For 38 minutes on January 13, residents of Hawaii were forced to confront the possibility that they might become the first casualties of a nuclear attack on the United States. Though it turned out to be a result of human error, the incident has highlighted the many ways the United States is unprepared for the civilian consequences of a nuclear disaster. The response from the President, the only person with the authority to order a U.S. nuclear strike, came more than a day later: he dismissed the false alarm as “a state thing,” praising the state of Hawaii for taking “total responsibility.”
2017 was a year that showed the power of state government, and especially state government working in cooperation with active and informed citizens. Across a range of vital causes, political achievements at the state level have been bright spots on an otherwise bleak news landscape. This was especially true in the realm of climate change activism: after the President announced his decision to withdraw from the Paris Climate Accord, an assortment of governors, mayors, business leaders, and other groups declared their intention to honor the agreement despite the lack of support at the federal level. Recourse to state politics has become a popular avenue for progressive organizing in a period where the prospects for change at the national level seem dimmer than ever.
Nuclear politics have been no exception, and Congressional support for checks on the president’s power to issue an order for a nuclear attack is growing. As early as last January, a bill introduced by Senator Ed Markey and Representative Ted Lieu sought to limit Presidential authority to order a nuclear strike. In November, a Senate hearing was called by Tennessee Republican Senator Bob Corker on the possibility of introducing formal checks on Presidential nuclear authority. One of the many proposed amendments to this policy is the Betts/Waxman solution, which would require both the Secretary of Defense and the Attorney General to sign off on any presidential launch order. This would provide for some level of legal oversight of the decision, and verify that the order was in fact made by the President, lowering the possibility of mistaken strikes due to cyberattacks.

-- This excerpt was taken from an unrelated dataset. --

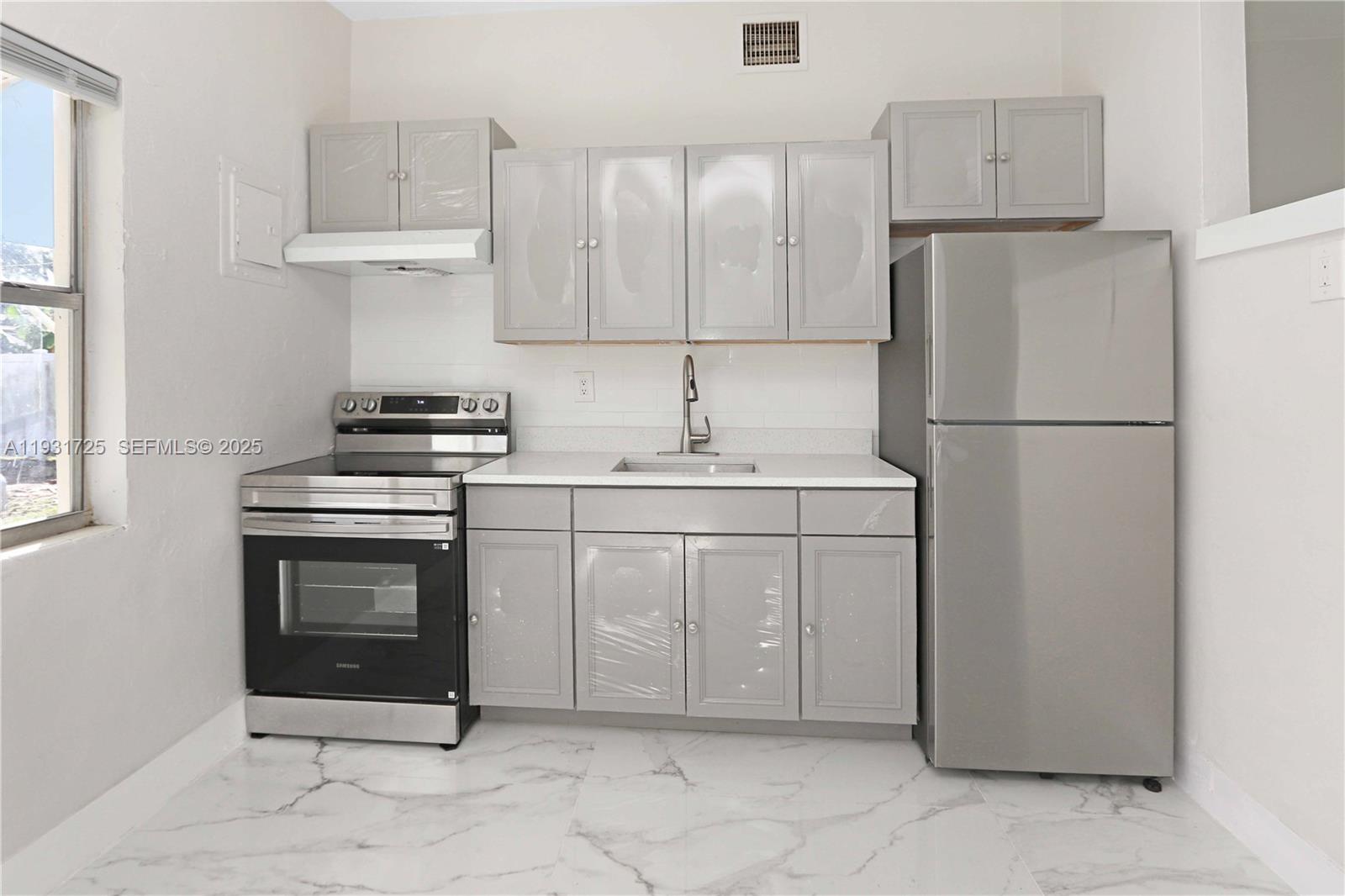 LAKE FOREST SEC 2 - Residential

The administration’s dismissive response seems to praise Hawaii for owning up to its mistake, as if this amounted to a tacit acceptance of the administration’s abdication of its responsibility as steward of the American nuclear arsenal. It also highlights a drastic and potentially devastating asymmetry in the distribution of nuclear authority in the United States: while the President can order a first strike, state and local governments are largely in charge of dealing with the fallout, from that decision. Across the country, states are revisiting the nuclear chapter of their Emergency Management Plans, many of which have not been revised in decades in an attempt to prepare residents for a world where leaders openly threaten nuclear strikes. Many of these plans are still based on attack scenarios that were designed with the Soviet nuclear arsenal in mind.
In an era of nuclear uncertainty, it is state governments that will bear the burden of managing the aftermath of a hypothetical nuclear attack. This means that states can and should play a major role in the conversation around limiting Presidential nuclear strike authority and reducing the United States’ nuclear arsenal. States across the country have already begun taking action to demand the President be stripped of his or her unchecked ability to launch a nuclear weapon. California, Maryland, Massachusetts, Iowa, and Vermont have introduced resolutions in support of “checks and balances” on that unilateral power in the form of bills like Representative Smith’s No First Use bill or the Markey-Lieu bill that, like going to war, would move the decision to Congress. States can act as catalysts for change at the federal level by giving voice to growing concerns about nuclear instability and acknowledging the ways in which an aggressive nuclear stance takes resources away from other essential issues, states can act as catalysts for change at the federal level.